Voter Excitement Tempered by Concerns of Fairness at Polls

With record turnout expected, some black voters fear their ballot may not count.

Sept. 23, 2008— -- Faidley's Seafood in Baltimore has served up crab cakes for more than a century; these days the talk at lunchtime is all about the election.

"I think you will get more voters going to the polls in this election than any other election," said Lou Flemming, a frequent customer at Faidley's.

The election excitement is higher in Maryland than in other years because of the historic nature of Barack Obama's candidacy.

"You got history," Flemming said. "You've never had an African-American run for president in this country."

"I'm already registered," one diner said. "Hopefully, I'll be the first one there."

Maryland is a Democratic stronghold; Democrats Al Gore and John Kerry won in Maryland by greater margins than in all but three states.

One reason for the Democrats' strength here stems from the state's demographics: Nearly 30 percent of the population is black. And with Obama on the ticket, the African-American community is expected to turn out in record numbers to vote.

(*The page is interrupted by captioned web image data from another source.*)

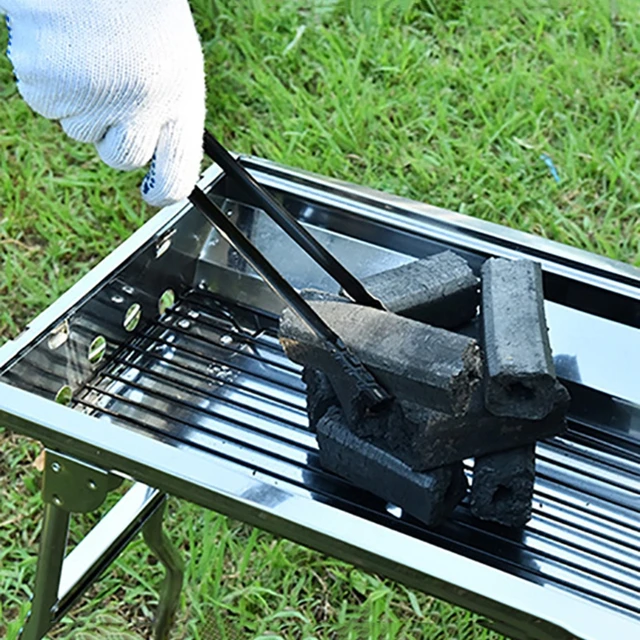 1 Pc Barbecue Faszén Fémfogantyú Grill Étel Klip Kültéri Kemping Főző Eszköz - Image 3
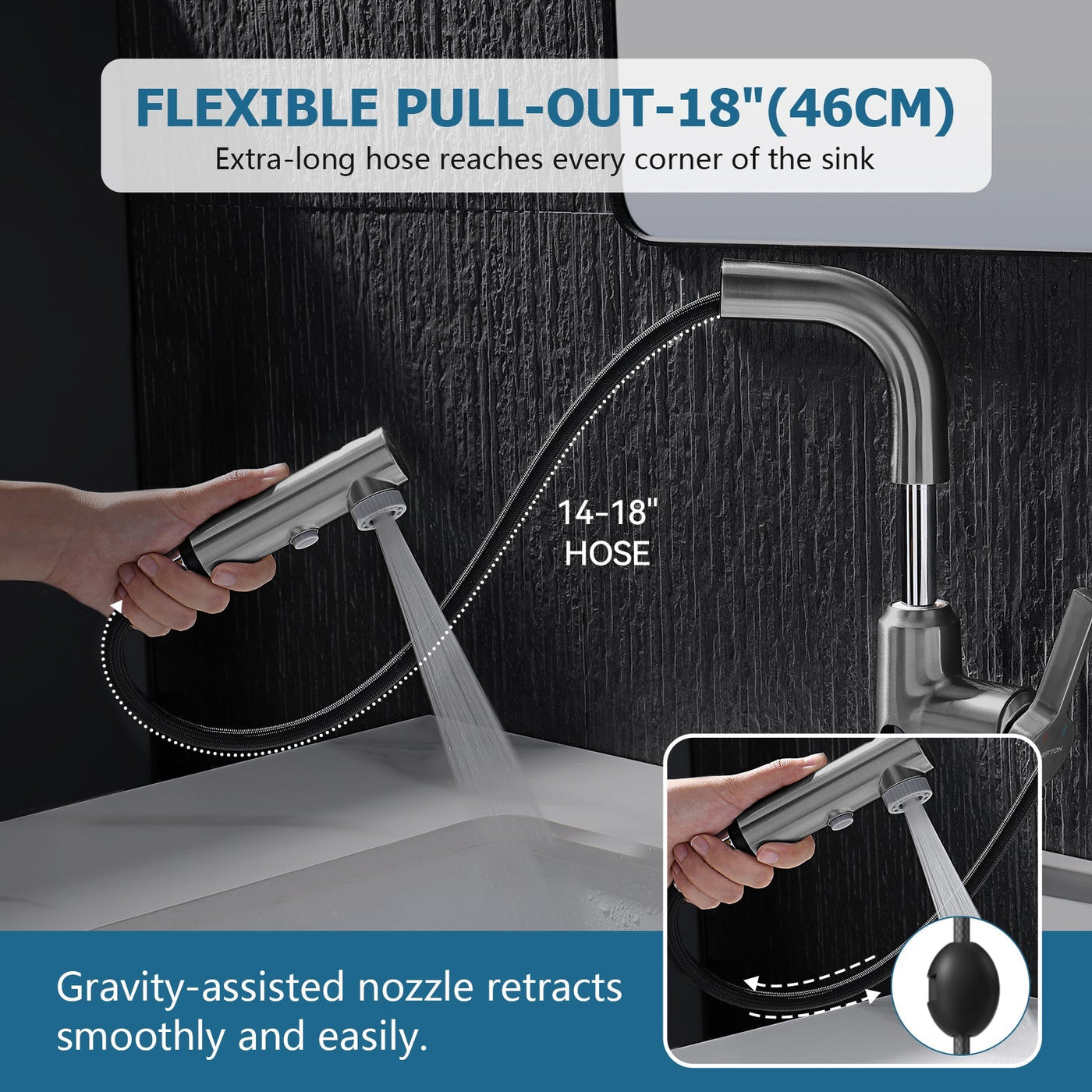 Metora Single-Hole Liftable Pull-Out Bathroom Faucet With Temperature Display-BF2501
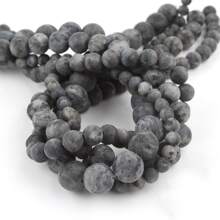 1 Strand Matte Labradorite Stone Beads for Jewelry Making DIY Pretty Gift bracelet Necklace - Dark Grey - View 4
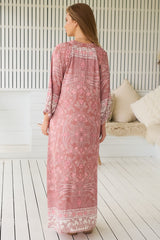 JAASE - Bree Maxi Dress: Frill Balloon Sleeve V Neck Shift Dress in Angelina Print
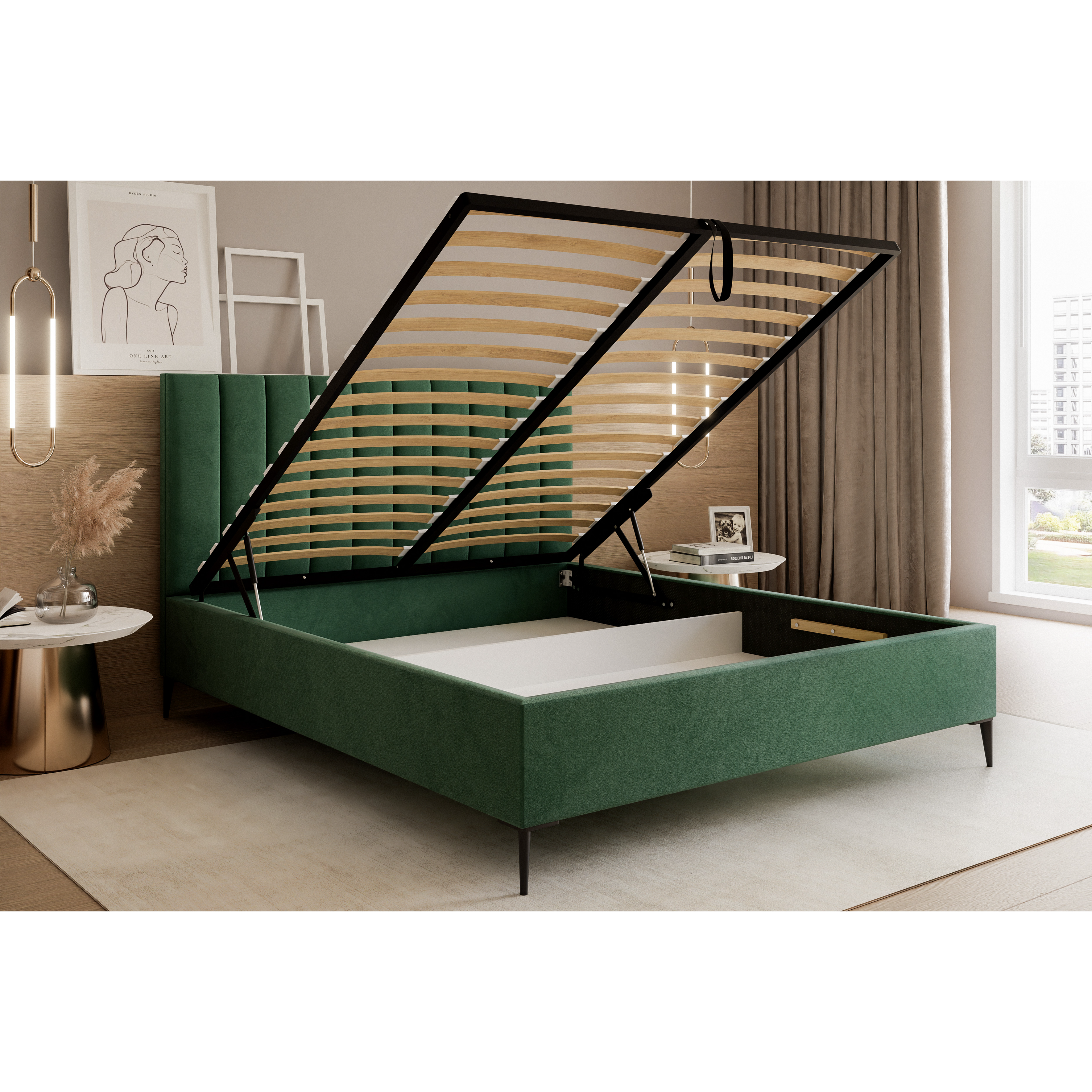 Łóżko tapicerowane VELORIA SOFT 120–200x200 z wysokim zagłówkiem na nóżkach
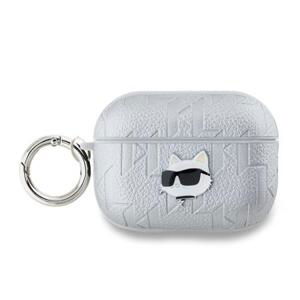 Karl Lagerfeld PU Embossed Choupette Head Pouzdro pro AirPods Pro 2 Silver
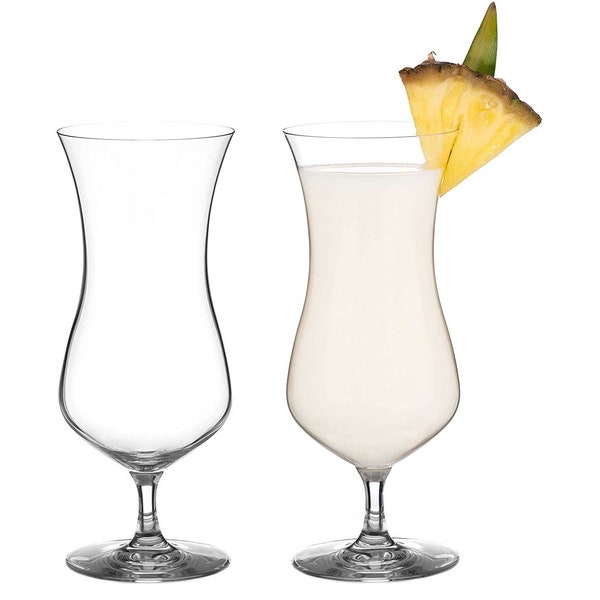 DIAMANTE Pina Colada Glasses - Pair of Hurricane Cocktail Glasses - Lead Free Crystal Set of 2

While voter apathy won't be a problem, their excitement is tempered by serious doubts about fairness at the polls.

"You ask yourself the question: Will white America let a black man run this country?" Baltimore resident Raymond Hall said. "For me, my opinion, the answer is no. So I really don't think it's going to be fair."

Maryland has had problems in the past. In 2006, predominantly black precincts in Prince George's County did not have enough poll workers or voting machines.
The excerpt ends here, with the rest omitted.